また、提案書のフォーマットや提出形式を統一しておくと、複数ベンダー間での比較・評価がスムーズになります。 

 

4.6 提案手続き 

提案に関する全ての手続きを明記します。まず、参加資格(実績要件、資本金、技術者数など)を定義し、応募可能な条件を明確にします。 

次に、質問受付期間や方法、提案書の提出期限と形式(電子/紙)、説明会やプレゼンテーションの日程を具体的に記載します。手続きを透明化することで、すべてのベンダーに公平な競争機会を提供できます。 

 

4.7 評価 

提案内容を客観的に評価するための評価基準と配点を設定します。以下のような観点が一般的です。 

・業務理解度 
・機能・非機能要件への適合性 
・技術的実現可能性 
・プロジェクト遂行力・体制 
・見積金額・コストパフォーマンス 
・実績・信頼性 

これらに配点を設定し、総合点で判断することで、主観に左右されない評価を実現できます。 

 

4.8 契約事項 

最後に、契約に関する基本条件を明確にします。契約形態(請負契約/準委任契約)、支払い条件、検収手順、保守契約の有無などを具体的に記載します。 

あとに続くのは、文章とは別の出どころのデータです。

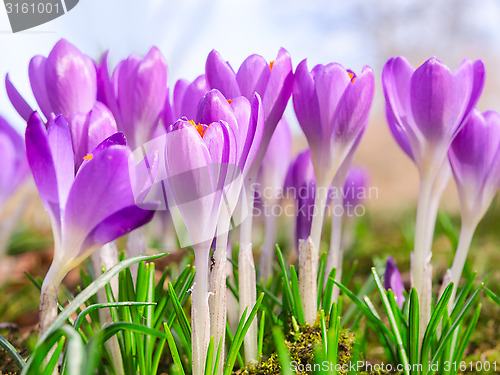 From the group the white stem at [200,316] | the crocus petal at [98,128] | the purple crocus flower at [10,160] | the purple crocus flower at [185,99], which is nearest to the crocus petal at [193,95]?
the purple crocus flower at [185,99]

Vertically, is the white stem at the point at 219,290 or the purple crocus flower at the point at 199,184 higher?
the purple crocus flower at the point at 199,184

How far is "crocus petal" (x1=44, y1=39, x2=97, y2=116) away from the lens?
64 centimetres

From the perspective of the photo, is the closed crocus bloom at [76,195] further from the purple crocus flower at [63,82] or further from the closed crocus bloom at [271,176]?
the closed crocus bloom at [271,176]

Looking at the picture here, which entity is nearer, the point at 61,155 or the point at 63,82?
the point at 61,155

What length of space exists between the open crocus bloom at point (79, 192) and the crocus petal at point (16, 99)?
0.20 metres

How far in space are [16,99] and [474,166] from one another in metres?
0.65

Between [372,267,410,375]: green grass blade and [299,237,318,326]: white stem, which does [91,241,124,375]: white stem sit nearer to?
[299,237,318,326]: white stem

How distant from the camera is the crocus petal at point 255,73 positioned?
24.4 inches

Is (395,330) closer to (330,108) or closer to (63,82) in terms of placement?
(330,108)

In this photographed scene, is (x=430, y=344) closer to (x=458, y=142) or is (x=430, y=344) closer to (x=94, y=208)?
(x=458, y=142)

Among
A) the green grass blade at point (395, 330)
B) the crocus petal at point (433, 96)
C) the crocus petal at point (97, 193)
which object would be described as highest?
the crocus petal at point (433, 96)

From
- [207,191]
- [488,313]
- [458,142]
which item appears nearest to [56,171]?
[207,191]

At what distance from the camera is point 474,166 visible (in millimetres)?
682

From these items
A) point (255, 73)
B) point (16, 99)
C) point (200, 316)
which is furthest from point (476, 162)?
point (16, 99) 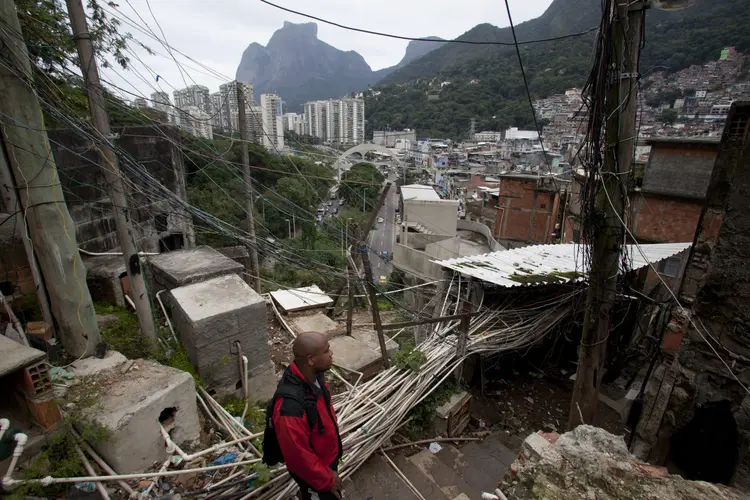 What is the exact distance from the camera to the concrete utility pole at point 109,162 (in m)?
3.20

さらに、機密保持契約(NDA)や著作権・成果物の帰属、瑕疵担保責任など、後々トラブルにつながりやすい項目についても詳細に定めることが重要です。特に情報漏洩防止と知的財産の扱いは、企業リスク管理の観点からも厳密に取り扱うべきです。 

 

5. RFPの書き方・構成要素  

RFPを有効に機能させるには、必要な情報を整理し、抜け漏れのない形で、ベンダーが理解しやすいように提示することが大切です。 

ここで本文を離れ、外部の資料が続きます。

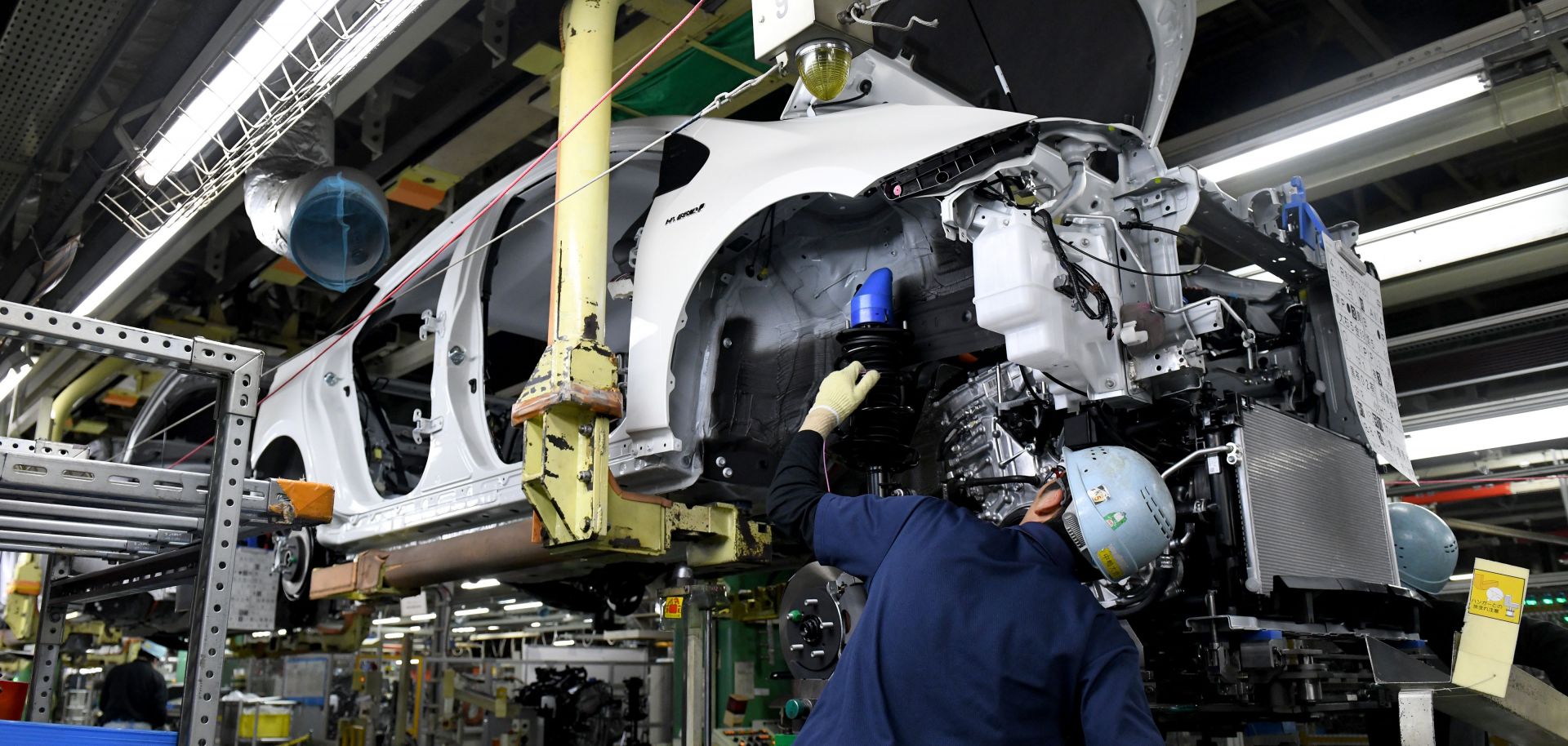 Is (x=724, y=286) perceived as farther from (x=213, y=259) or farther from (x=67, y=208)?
(x=213, y=259)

以下では、RFPに含めるべき主な項目と、その作成時のポイントについて説明します。 

 

5.1 要件定義 

まず整理すべきは、「このプロジェクトをなぜ実施するのか」という目的と背景です。 
現行の業務やシステムでどのような課題があり、それをどのように解決したいのかを具体的に示すことで、ベンダーは提案の方向性を正確に把握できます。 

現状の課題 

解決したい課題(ゴール) 

顧客管理システムが部門ごとに分断されている 

顧客情報を一元管理し、対応を標準化したい 

顧客対応が属人化しており、担当者に依存している 

誰でも一定の品質で対応できる体制を整えたい 

システム間のデータ連携がない 

情報をシームレスに共有できる基盤を構築したい 

また、実現したい成果(ゴール)を明文化しておくことで、要件が不十分なまま設計が進行するリスクを防ぐことができます。 
要件定義では、技術面だけでなく業務改善の視点も取り入れることで、より実践的で価値のある提案を得やすくなります。 

 

5.2 提案依頼の範囲と期待内容 

ベンダーに「何を・どこまで依頼するのか」を明確にすることは、提案の方向性のズレや見積もりの誤差を防ぐうえで不可欠です。 

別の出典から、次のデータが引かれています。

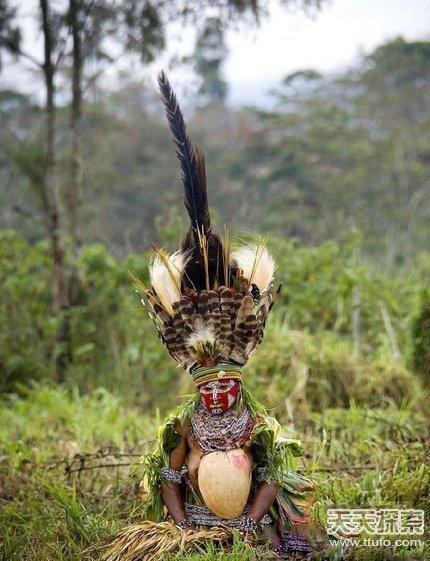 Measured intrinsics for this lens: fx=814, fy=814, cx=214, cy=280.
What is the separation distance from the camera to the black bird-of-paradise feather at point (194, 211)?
9.86ft

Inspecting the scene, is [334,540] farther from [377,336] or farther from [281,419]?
[377,336]

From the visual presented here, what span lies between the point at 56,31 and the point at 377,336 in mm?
4048

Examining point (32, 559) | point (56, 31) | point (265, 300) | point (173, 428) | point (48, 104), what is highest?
point (56, 31)

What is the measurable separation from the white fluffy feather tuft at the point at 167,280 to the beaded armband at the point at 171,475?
58cm

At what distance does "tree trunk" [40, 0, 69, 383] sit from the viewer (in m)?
7.18

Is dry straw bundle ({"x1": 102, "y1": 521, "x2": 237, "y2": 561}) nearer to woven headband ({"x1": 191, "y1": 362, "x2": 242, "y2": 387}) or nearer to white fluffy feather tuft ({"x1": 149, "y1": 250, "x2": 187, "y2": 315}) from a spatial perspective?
woven headband ({"x1": 191, "y1": 362, "x2": 242, "y2": 387})

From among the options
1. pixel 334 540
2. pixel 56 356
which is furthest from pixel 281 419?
pixel 56 356

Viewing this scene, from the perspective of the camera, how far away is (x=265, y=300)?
296 centimetres

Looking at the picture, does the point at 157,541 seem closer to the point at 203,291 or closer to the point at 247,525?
the point at 247,525

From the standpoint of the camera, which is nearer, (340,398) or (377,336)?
(340,398)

以下のように、各工程(フェーズ)における実施主体を明示しておくと分かりやすくなります。 

フェーズ 

実施主体 

備考 

要件定義 

自社 

業務知識が必要なため自社で実施 

設計 

ベンダー 

UI設計を含む 

開発 

ベンダー 

システム構築全般 

テスト 

ベンダー 

単体・結合テストを含む 

運用 

自社 

社内体制で対応予定 

保守 

ベンダー 

月次サポート契約を想定 

さらに、UI/UXの改善提案やセキュリティ要件など、ベンダーに含めてほしい観点を具体的に記載しておくことで、質の高い提案が集まりやすくなります。 

 

5.3 提出形式・スケジュール・評価基準 

複数の提案を効率的かつ公平に比較するためには、提出形式・期限・評価基準を事前に統一しておくことが重要です。 

項目 

内容例 

提出形式 

Word/PDF/PowerPoint など(目次・章立て構成も指定) 

提出方法 

メール添付、共有URL(Google Drive/Dropbox など)、または専用ポータルへのアップロード 

提出期限 

2025年6月10日(火)17:00まで 

提案に含める要素 

価格見積・体制図・実績紹介・導入スケジュール案・対応フローなど 

また、評価基準を「価格50点・技術力30点・体制・実績20点」などのように数値化しておくと、ベンダーは重点を理解したうえで提案を準備できます。 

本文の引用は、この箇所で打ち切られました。